## Your goal:
In the records below, reproduce exactly the lines from the one containing "Katigan NerdMiner 4-Pack" through the one containing "Fengway 2023 S-4XL", both included, and omit the pictures.

---------- Exercise materials ----------

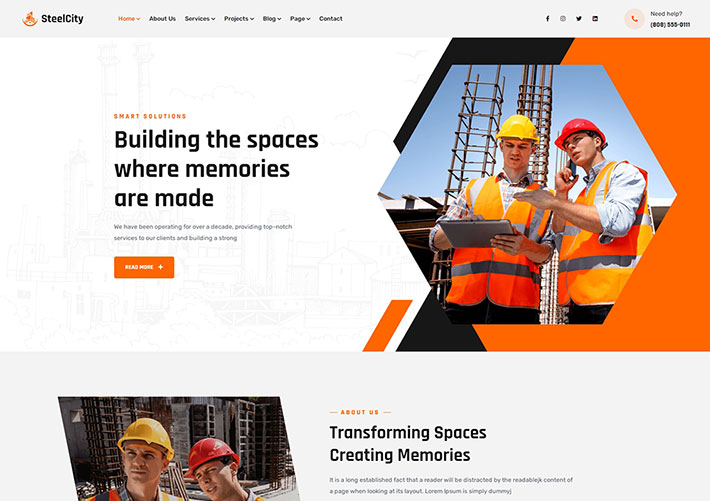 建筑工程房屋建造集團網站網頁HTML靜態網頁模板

----------
---------- Exercise materials ----------

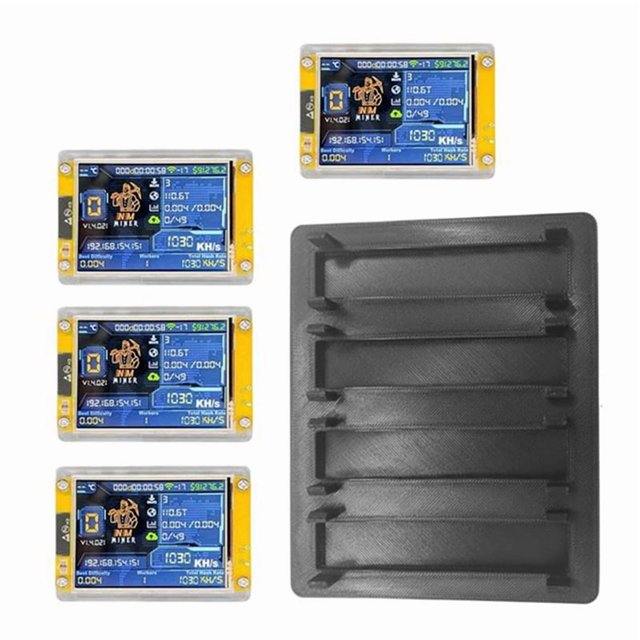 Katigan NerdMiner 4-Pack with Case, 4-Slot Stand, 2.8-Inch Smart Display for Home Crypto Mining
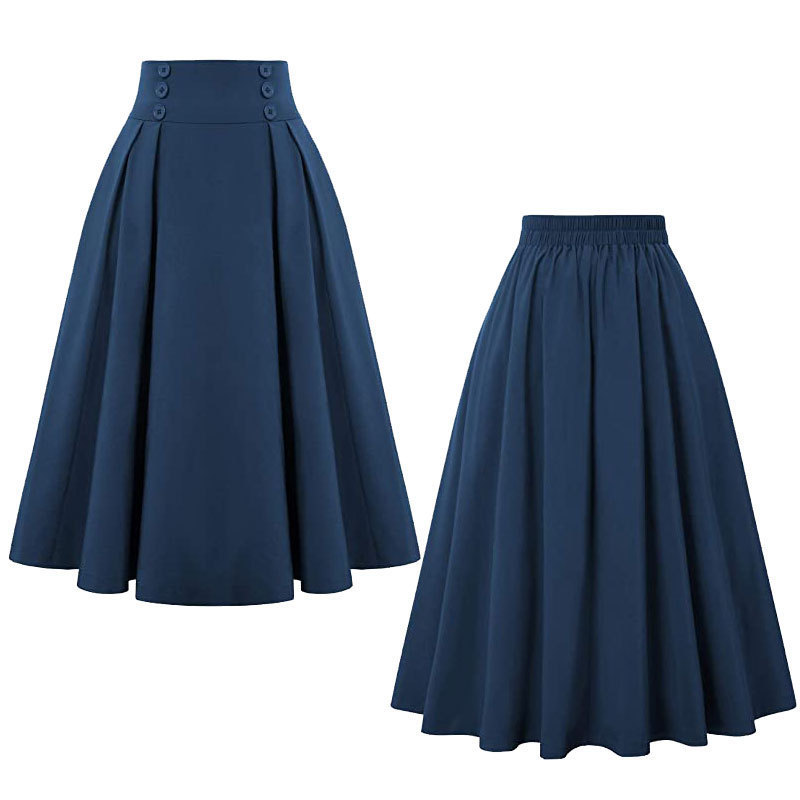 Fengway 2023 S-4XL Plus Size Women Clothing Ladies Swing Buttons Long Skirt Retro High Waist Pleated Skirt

----------
---------- Exercise materials ----------

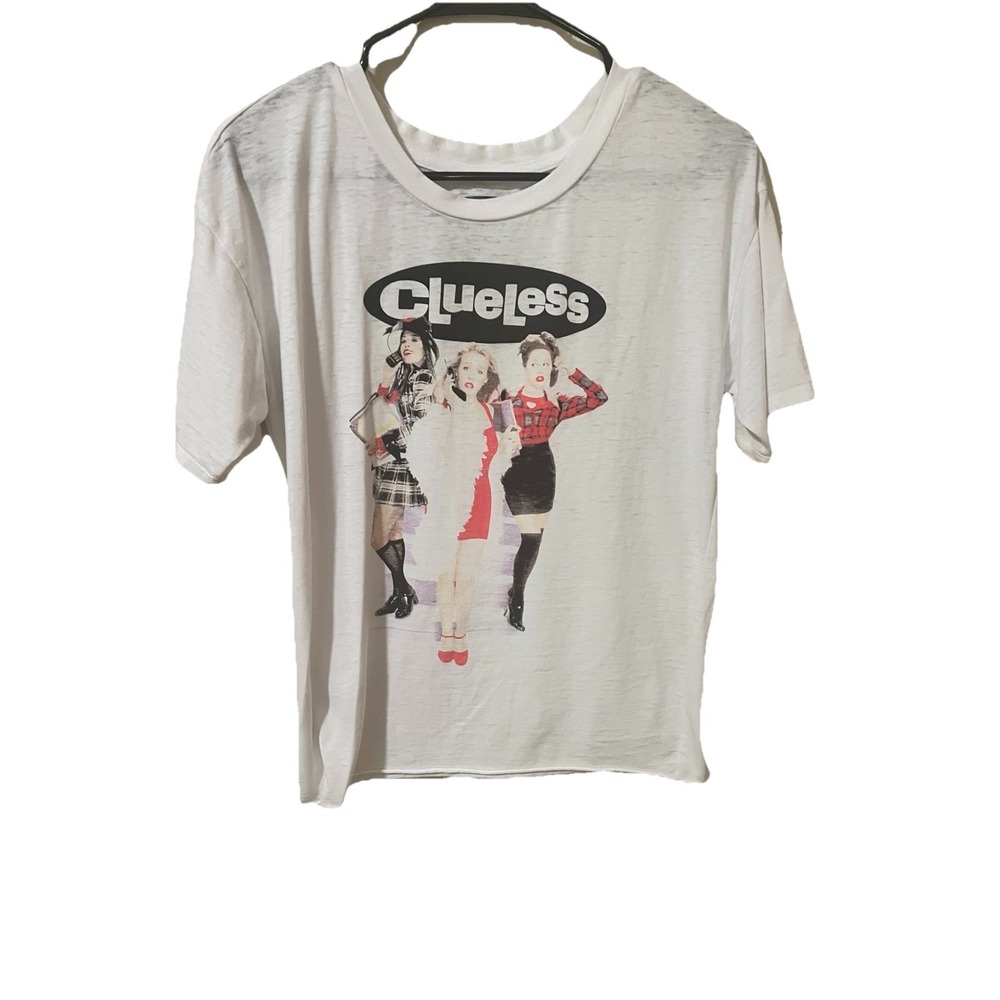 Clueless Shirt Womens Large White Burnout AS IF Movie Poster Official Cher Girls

----------

## Response:
 Katigan NerdMiner 4-Pack with Case, 4-Slot Stand, 2.8-Inch Smart Display for Home Crypto Mining
 Fengway 2023 S-4XL Plus Size Women Clothing Ladies Swing Buttons Long Skirt Retro High Waist Pleated Skirt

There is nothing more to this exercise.